Whenever a film like I, Daniel Blake is used in a political context you’ll often hear arguments pointing to how it is a merely a work of fiction. Which is fair enough. However, these stories are not created in a vacuum. Each film is heavily researched to the point that it is effectively an ethnographic study. 

Therefore, it is no surprise that these stories often mirror reality. In my analysis of I, Daniel Blake, I recounted the tragic, real-life story of Stephen Smith, an individual who had come up against the same issues highlighted in the film and sadly died as a result.  

Yet it’s not only Ken Loach’s stories that are grounded in reality, his whole approach as a director brings honesty and respect to incredibly difficult subjects. Instead of forcing his own style and perspective on his subject matter, he prefers to use only the most appropriate way of telling his stories.  

This commitment to authenticity flows through to every facet of his films. For example, they are almost exclusively shot on location. Riff Raff, a film that documents the irony of a homeless construction worker, was filmed on a real building site instead of an artificial set. 

Authenticity is also central to the process of choosing actors and actresses. Whilst it might seem that Loach’s rejection of well-known celebrity names means that he sets a low bar, the reality is quite the opposite. At the same time, Loach achieves realistic and genuine acting by filming chronologically and encouraging improvisation. 

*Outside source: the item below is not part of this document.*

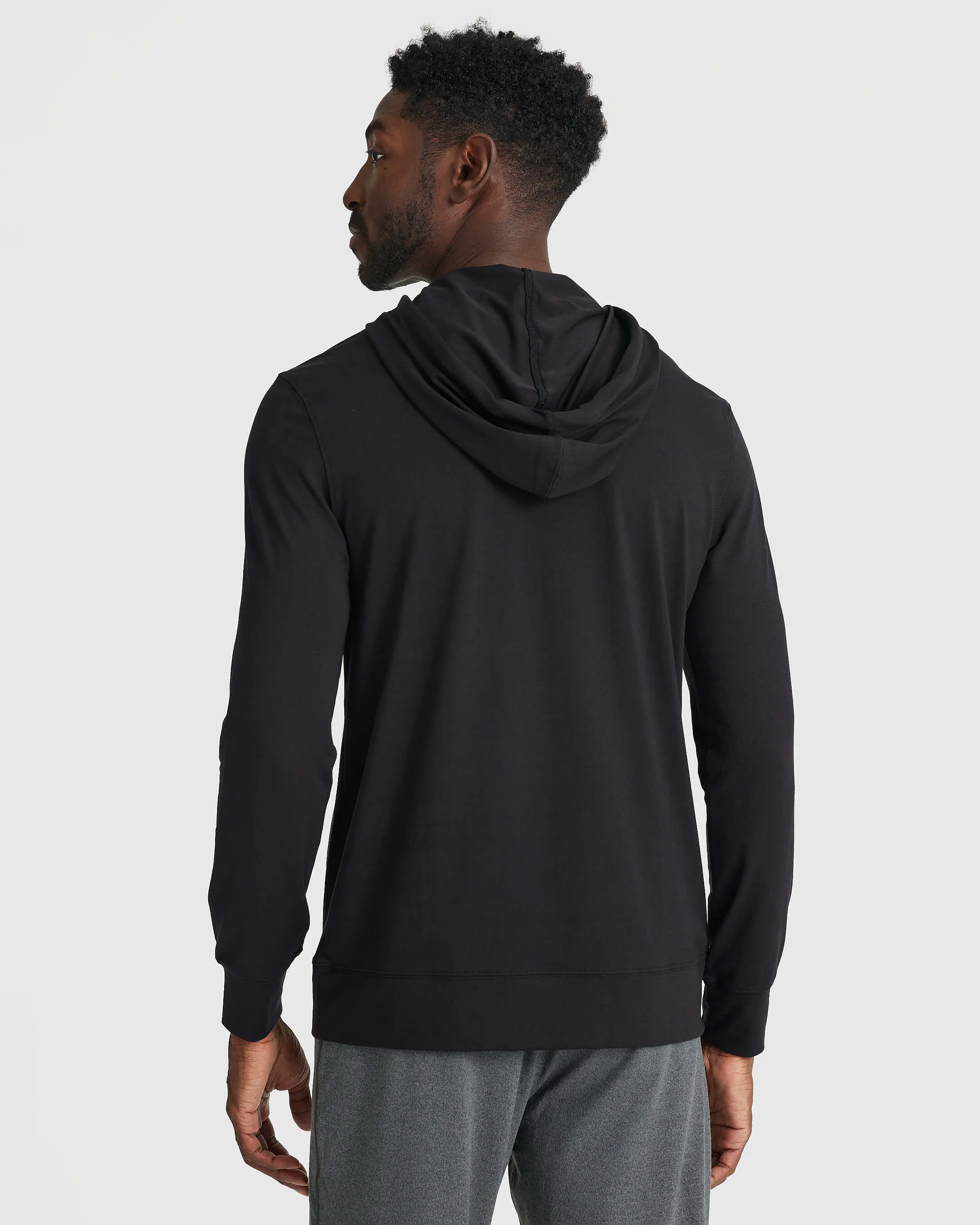 Black Active Comfort Pullover Hoodie sold by True Classic product image thumbnail 3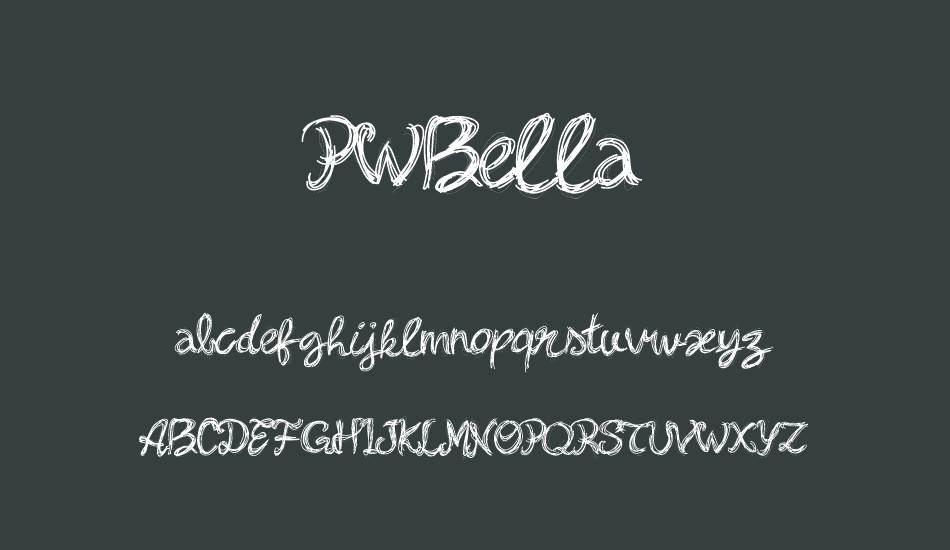 PWBella font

This commitment to realism means that his films must be taken seriously. They cannot be dismissed as purely fictional because the stories are based off real-life accounts. Equally, Loach’s understated style and commitment to authentic acting ensures that each depiction fairly reflects its source material.  

Of-course some may argue that keeping things realistic doesn’t make for good cinema, but this is where many, including Loach would disagree. Realistic movies allow the audience to see themselves on screen.  

Ken Loach is a director in a league of his own. For more than half a century, he has carried the torch for social realism; a genre that has produced some of the most powerful and important cinema of our times.